Assume that females have pulse rates that are normally distributed with a mean of $\mu=74.0$ beats per minute and a standard deviation of $\sigma=12.5$ beats per minute. Complete parts (a) through (c) below. a. If 1 adult female is randomly selected, find the probability that her pulse rate is less than 77 beats per minute. The probability is (Round to four decimal places as needed.) b. If 16 adult females are randomly selected, find the probability that they have pulse rates with a mean less than 77 beats per minute. The probability is (Round to four decimal places as needed.) c. Why can the normal distribution be used in part (b), even though the sample size does not exceed 30 ? A. Since the mean pulse rate exceeds 30 , the distribution of sample means is a normal distribution for any sample size. B. Since the distribution is of individuals, not sample means, the distribution is a normal distribution for any sample size. C. Since the distribution is of sample means, not individuals, the distribution is a normal distribution for any sample size. D. Since the original population has a normal distribution, the distribution of sample means is a normal distribution for any sample size.

Step 1 ：Given that the pulse rates of females are normally distributed with a mean of \(\mu = 74.0\) beats per minute and a standard deviation of \(\sigma = 12.5\) beats per minute.

Step 2 ：For part (a), we need to find the probability that a randomly selected female has a pulse rate less than 77 beats per minute. This is a standard normal distribution problem, where we need to find the z-score for 77 and then find the cumulative probability for that z-score. The z-score is calculated as \(z = \frac{X - \mu}{\sigma}\), where X is the value we are interested in, which is 77 in this case. So, \(z = \frac{77 - 74.0}{12.5} = 0.24\). The cumulative probability corresponding to z = 0.24 is approximately 0.5948.

Step 3 ：For part (b), we need to find the probability that the mean pulse rate of 16 randomly selected females is less than 77 beats per minute. This is a problem of sampling distribution of the mean. The standard deviation of the sampling distribution (standard error) is the standard deviation of the population divided by the square root of the sample size. So, \(\sigma_{b} = \frac{\sigma}{\sqrt{n}} = \frac{12.5}{\sqrt{16}} = 3.125\). We find the z-score for 77 with this new standard deviation and then find the cumulative probability for that z-score. So, \(z = \frac{77 - 74.0}{3.125} = 0.96\). The cumulative probability corresponding to z = 0.96 is approximately 0.8315.

Step 4 ：For part (c), we need to explain why we can use the normal distribution for part (b) even though the sample size is less than 30. The Central Limit Theorem states that the distribution of sample means approaches a normal distribution as the sample size gets larger — usually considered as larger than 30. However, if the original population is normally distributed, then the sample means will also be normally distributed, regardless of sample size.

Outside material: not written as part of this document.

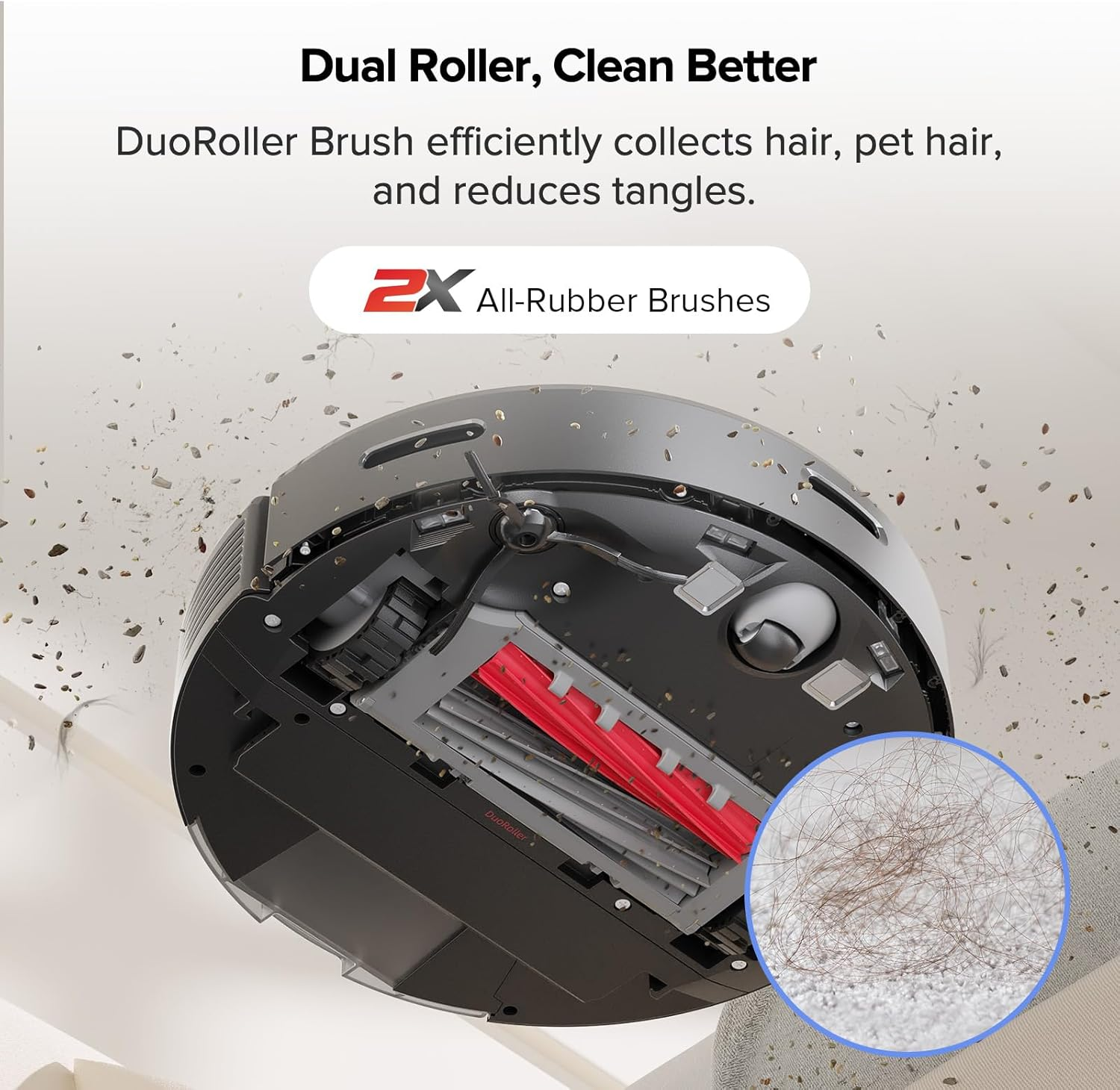 Roborock Q5 DuoRoller+: 5500Pa Suction Robot Vacuum with Auto-Empty Dock & Anti-Tangle Dual Brushes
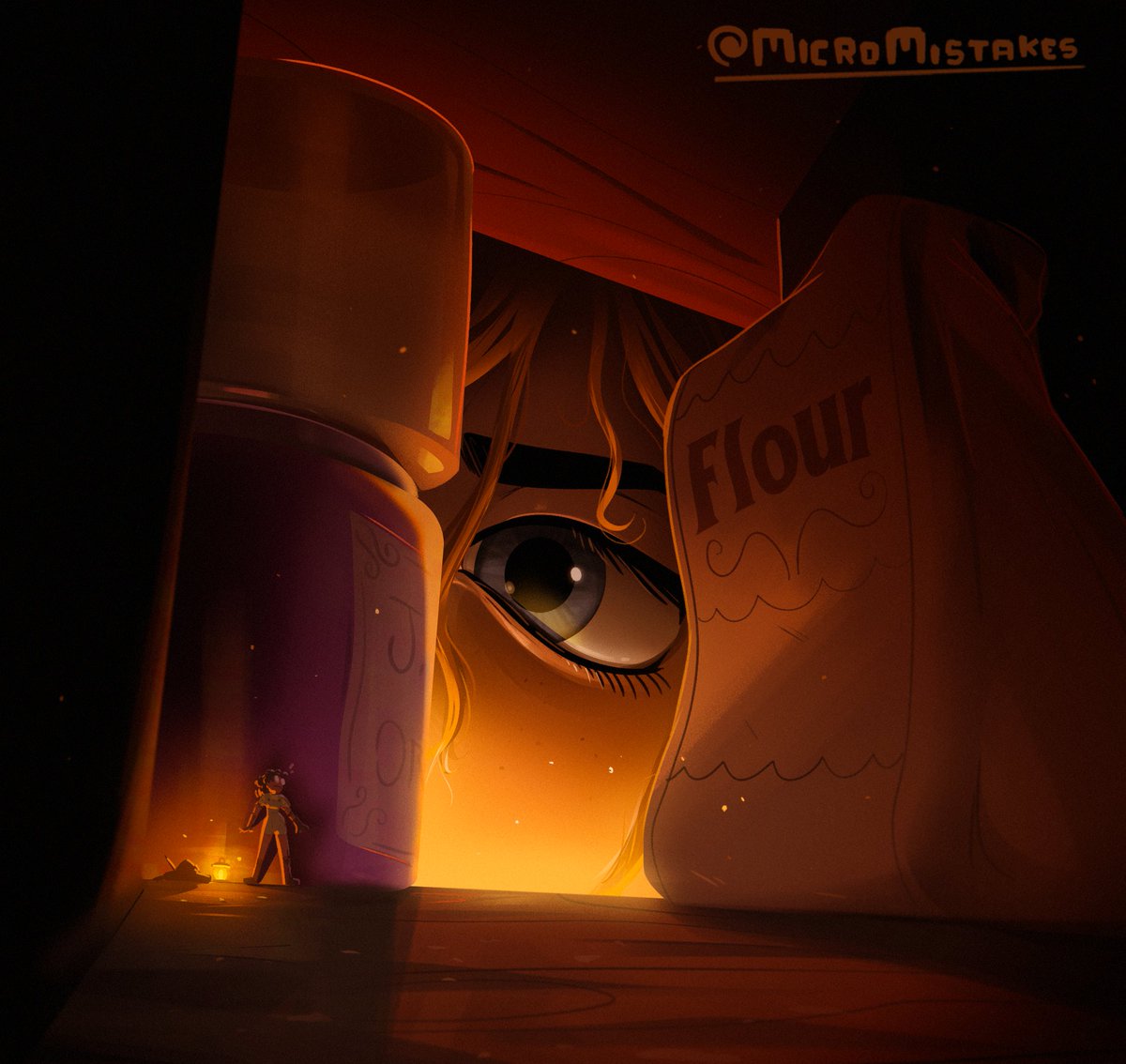 "I'm sure I heard something..."

Thank you all so much for 7k twitter followers!! 🥳
Here's a little fantasy AU piece where Heather is a tiny borrower living in Brittany's house!
#Giantess #sizetwitter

Step 5 ：\(\boxed{\text{Final Answer:}}\) The probability that a randomly selected female has a pulse rate less than 77 beats per minute is approximately \(\boxed{0.5948}\). The probability that the mean pulse rate of 16 randomly selected females is less than 77 beats per minute is approximately \(\boxed{0.8315}\). The normal distribution can be used in part (b) even though the sample size does not exceed 30 because the original population has a normal distribution, the distribution of sample means is a normal distribution for any sample size. So, the correct answer for part (c) is option D.